A Prairie Home Companion, the cinematic spoof of the long-running radio program, is as risible as a powder-milk biscuit, as sweet as a slice of be-bop-a-rebop rhubarb pie...and as improbable as a Guy Noir simile. The imperturbable Garrison Keillor serves up plenty of corny jokes, tall tales and old-time music, the stock and trade of his three decades on the air, but he hangs them on a Miltonian plot that pits a seductive angel of death against a scripture-quoting bogeyman.

His fans will be delighted. Introduced on screen in boxers and bright red socks, Keillor misses no opportunity to tell a joke on himself, his genial brand of homespun humor delivered with large dollops of Midwestern good will. Which is not to say he eschews risqué material, although the most modest Lutherans will be hard-pressed to find something offensive in the film.

Robert Altman, known for his sharper sense of satire, seems perfectly comfortable working with Keillor. The 81-year-old director effortlessly alternates between the controlled chaos of backstage and the intimate exchange between performer and audience, not to mention old friends and lovers. His trademark techniques-complicated tracking shots, overlapping dialogue, the use of multiple cameras-lend themselves perfectly to the setting, but his ability to coax remarkable performances from an array of actors has rarely served him better.

For those who have never tuned to Keillor on a Saturday night, "A Prairie Home Companion" is a pastiche of old-time radio featuring a mixture of traditional American songs, storytelling and raillery. Over the show's history, certain characters have become fixtures, including the aforementioned Guy Noir (Kevin Kline hamming it up as the slapstick private eye) and crusty cowboys Dusty and Lefty (Woody Harrelson and John C. Reilly). Keillor adds new talent to the mix in the guise of the singing Johnson sisters, Yolanda and Rhonda (Meryl Streep and Lily Tomlin)-like the Carter family, notes Yolanda, only not so famous. A few regulars from the broadcast have featured roles (Tim Russell as the exasperated stage manager) or appear as themselves (musicians Robin and Linda Williams and sound-effects man Tom Keith). The Guys All-Star Shoe Band performs under the direction of Richard Dworsky, just as they do on air.

Keillor, who wrote the screenplay based on a story he developed with collaborator Ken LaZebnik, casts himself as G.K., host of a radio show that bears a striking resemblance to his own, right down to its venue, the Fitzgerald Theater in St.

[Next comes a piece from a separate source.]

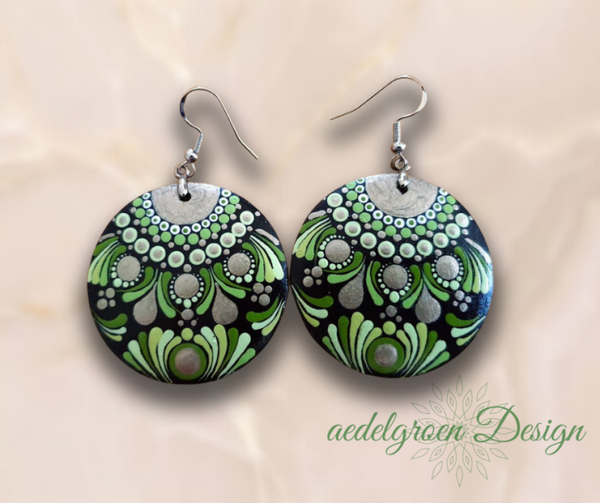 Earrings "green evening" 40mm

Paul, but with one notable difference: the station is locally owned and only modestly successful. In fact, a conglomerate based in Texas has bought WLT (the call letters stand for "with lettuce and tomato") and has sent its hatchet man (Tommy Lee Jones) to pull the plug on the station.
A wave of nostalgia overwhelming a final performance would provide plenty of dramatic tension for a normal "Prairie" broadcast, but Keillor ups the ante by introducing an ethereal woman (Virginia Madsen) wearing a white trench coat who mysteriously appears and vanishes. It turns out she has serious business with one of the performers on the bill, a grave reminder that there are worse things than closing night.

Keillor unfolds his insouciant narrative in song, the performances before the live audience commenting on the action in the wings. Whether bantering backstage or harmonizing before the microphone, Streep and Tomlin maintain perfect pitch, especially when discussing their histrionic family with Yolanda's dour daughter, Lola (Lindsay Lohan), who is called upon to fill five minutes of airtime during the film's denouement. Harrelson and Reilly hoot it up as the guitar-picking cowpokes fond of off-color humor ("Hey, Lefty, why do they call it PMS ...?"), and Kline pratfalls about the set in a double-breasted pinstriped suit plucked from Philip Marlowe's wardrobe.

It's unfair to single out these performances, excellent as they are, because everyone appears ebullient spinning yarns and warbling standards. Even Keillor, a man with no particular vocal ability, doesn't let that stop him from crooning the "Coffee Jingle" with "Prairie" regular Jearlyn Steele or belting out the "Jens Jensen's Herring Commercial" (sung to the tune of "Won't You Come Home, Bill Bailey?").

Altman, presented an honorary Academy Award earlier this year, holds the whole business together, seeming to capture the proceedings spontaneously but shaping the production in his masterful style. Think of A Prairie Home Companion as a confluence of M.A.S.H., Nashville and The Company...with a big splash of Lake Wobegon stirred in.